Sugar waste used for food packaging

By Charlotte Eyre

- Last updated on GMT

Related tags: Sugar

Bagasse, a previously useless waste product from sugar cane, can
now be used to make biodegradeable packaging for food products in
Thailand, its manufacturers claim.

With governments now concerned that Asia's rapid economic growth is leading to disastrous environmental harm, alternatives to plastic packaging are constantly being sought by food companies in the continent. The new "bagasse boxes" are made out of agricultural sugar waste, and so decompose after use, claims its Thai manufacturer, the Biodegradeable Packaging for Environment company.
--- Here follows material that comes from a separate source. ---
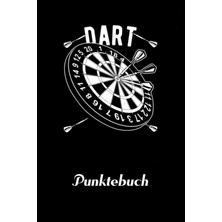 Hepta Collection Dart Punktebuch: 501, 301 Oder 701 Spiele Und Ideal Für Turnier Und Auch Zum Training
The packaging can be used instead of traditional plastic-based packaging, the company said, and so are both safe for human health and environmentally friendly. According to the newspaper the Bangkok Independent, the company created the packaging because of its breakthrough in developing a binder substance that forces bagasse pulp particles to join together. The resulting substance is both heat- and water-proof, and has passed US Food and Drugs Administration (FDA) standards, the newspaper said. The project was funded in part by the Thai National Innovation Agency (NIA), which donated Bt20m to the project as part of a drive to encourage the development of bio-based products across the country. Over the past five years packaging suppliers have been introducing various forms of biodegradable plastics made from a variety of plants, in the main corn, as a clean alternative to petroleum-based plastics. Some companies predict that the environmentally-friendly packaging market will grow by about 20 per cent a year, as an alternativeto petroleum-based packaging such as the widely-used polyethylene terephthalate (PET). Bagasse is a fibre product produced from sugarcane waste, often thrown away as uneconomical waste. However many companies around the world have started to catch on to the idea that Bagasse can make a cheap but efficient way of packaging foods. Cadbury is possibly the largest company currently using bagasse as part of it's ethical concern plans. In India, the company's Induri plant uses it as a renewable fuel to provide steam for manufacturing.